Who Will Tell?

Mother of a 9 yr 10 mth girl walked in, panic writ on her face;  “Doctor saab” she stuttered in Marathi “Shivani started her periods just now and she is crying bitterly; she is very scared. What to do?” I made her relax and asked, “did you not prepare her for this?” “No” she said “we had thought when she is 10, we will take her to a doctor for explaining.”

Indian girls are attaining Menarche at a much earlier age (9.5 to 11 yr) than a decade before. Most parents go through the dilemma, who is to tell the girl about ‘this’? Readers here may wonder what am I talking about? Please think of mothers who are semi-literate to illiterate and their girls studying in English schools – mothers get unnerved and never prepare them for menarche.

A similar case related to puberty had come to me few years ago where a boy of 12 suddenly had gone quiet; kind of went in a shell – not talking to family/ friends; not going out; no playing; reduced appetite etc. On repeated enquiries, he admitted he had watched a pornographic film and was terribly disturbed by what he saw; clearly no one had imparted any sex education or prepared him for changes of puberty.

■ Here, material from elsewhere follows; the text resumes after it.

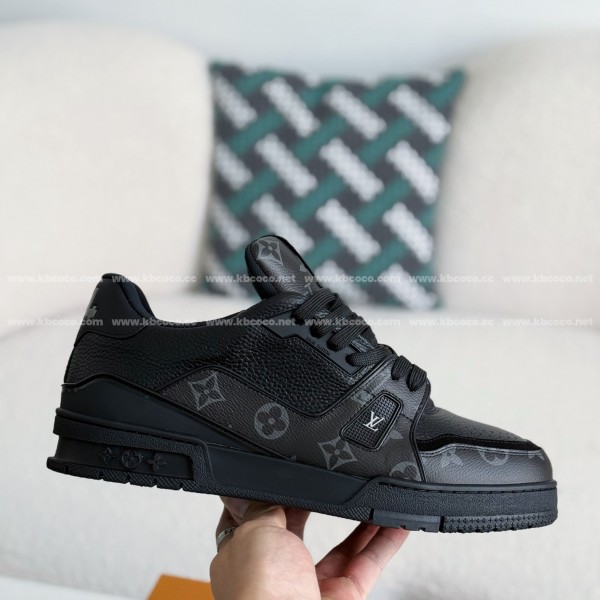 LOUIS VUITTON TRAINER SNEAKERS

The changes of adolescence entail modifications in a child’s previous self-concept. It is seen, time and again, that managing body changes, menarche and a feeling of sexuality are three chores that turn difficult without proper information and parents are not always geared to impart the same; some schools do have a built in process but most don’t and those are the children that need it most.

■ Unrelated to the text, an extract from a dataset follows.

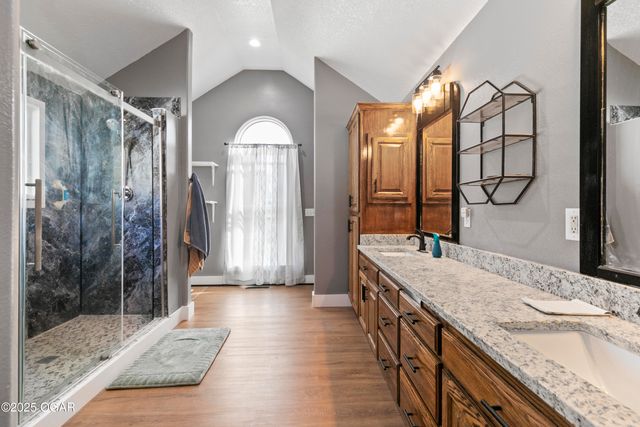 2013 E Whitney Way, Joplin, MO 64801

Menarche is just one of the manifestations of Puberty, which is a period of change while attaining biological maturity. Parents need to prepare children for dramatic physical changes of puberty, like the adolescent growth spurt and the development of secondary sexual characteristics. More attention is paid towards girls’ as the need to prepare them for first menstruation is felt necessary. Not much attention is paid to the boys’ need to be prepared for sexual thoughts and fantasies.

When to start?

It is best to start sharing information when a daughter is about http://humanrightsfilmnetwork.org/ambien eight years of age. Some may feel this is too early, but between the ages of eight and ten, her body has already begun to mature; viz breast development and an increase in body hair (appear approximately 2 year before menarche). Some girls may experience a growth spurt (Shivani had both these 1½ year before menarche but her mother did not think it necessary to start talking to her).

How to start talking?

It is shown that 2/3rd of girls have not been spoken about menstruation when they attain menarche. Most mothers feel awkward about it. Such mothers should start by asking

  • Has any information been shared in the class about menstruation?
  • Any of your friends have got menstruation?
  • What do you know about it?

These three questions will tell you what the girl already knows and set the stage for further discussion where the mother should impart such practical aspects like how often a period occurs? How long it lasts? How much blood is lost? What are the steps of self-care during a cycle? etc.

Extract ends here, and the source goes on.